* _TASK INSTRUCTIONS_
Pictures in the listing below are skipped, while the lines from the "The Livingful Premium" line through the "18th century elm" line are returned word for word.

── SOURCE MATERIAL

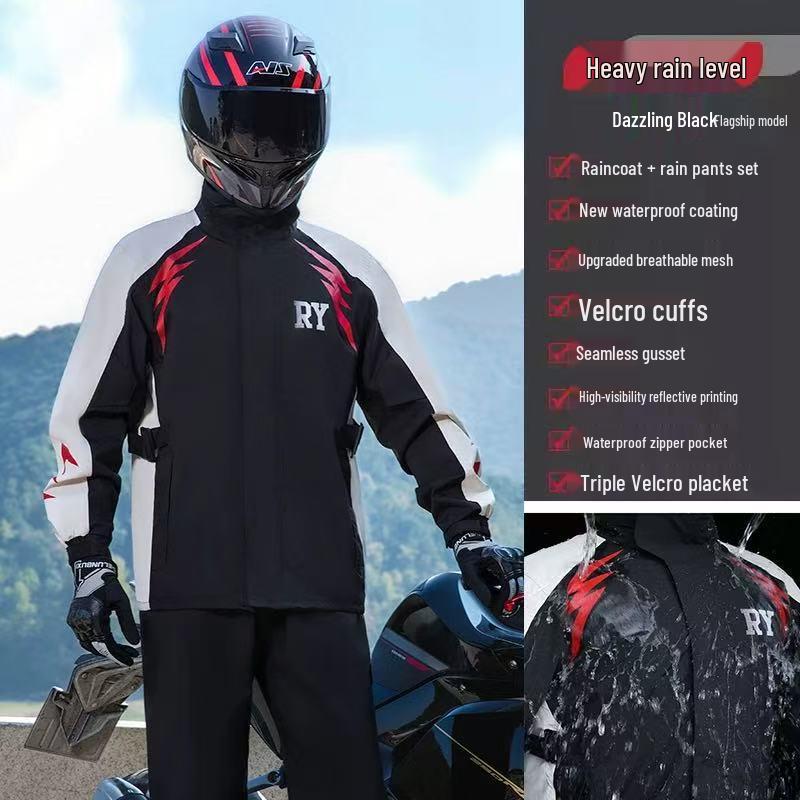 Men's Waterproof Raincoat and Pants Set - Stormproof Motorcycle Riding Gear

────
── SOURCE MATERIAL

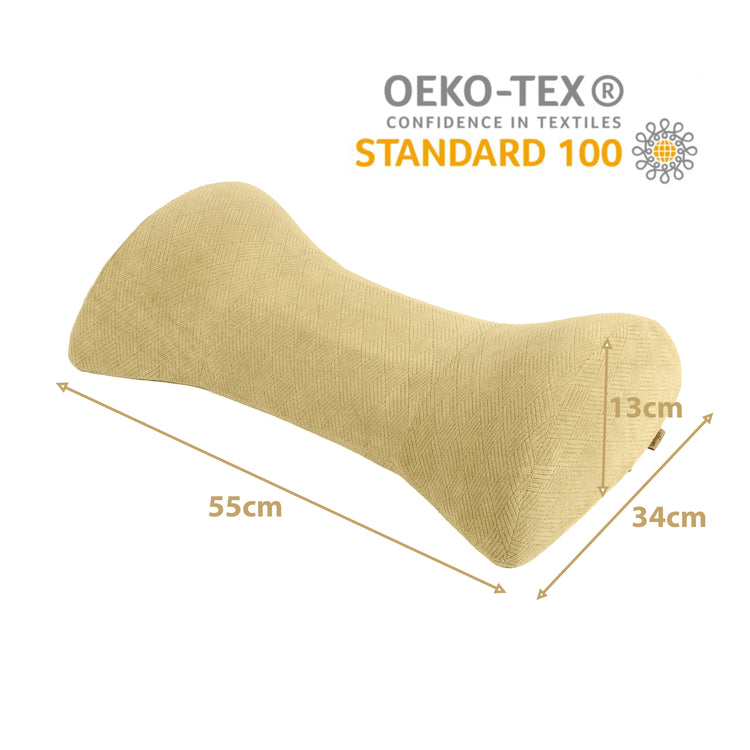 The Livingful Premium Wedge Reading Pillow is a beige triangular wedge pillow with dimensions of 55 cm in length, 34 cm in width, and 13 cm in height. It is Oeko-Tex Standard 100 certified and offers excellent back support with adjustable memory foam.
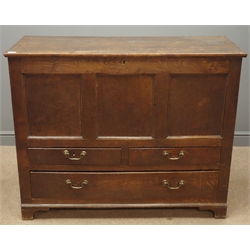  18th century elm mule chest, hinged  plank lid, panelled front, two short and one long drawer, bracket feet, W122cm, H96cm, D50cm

────

* _RESPONSE BELOW_
 The Livingful Premium Wedge Reading Pillow is a beige triangular wedge pillow with dimensions of 55 cm in length, 34 cm in width, and 13 cm in height. It is Oeko-Tex Standard 100 certified and offers excellent back support with adjustable memory foam.
  18th century elm mule chest, hinged  plank lid, panelled front, two short and one long drawer, bracket feet, W122cm, H96cm, D50cm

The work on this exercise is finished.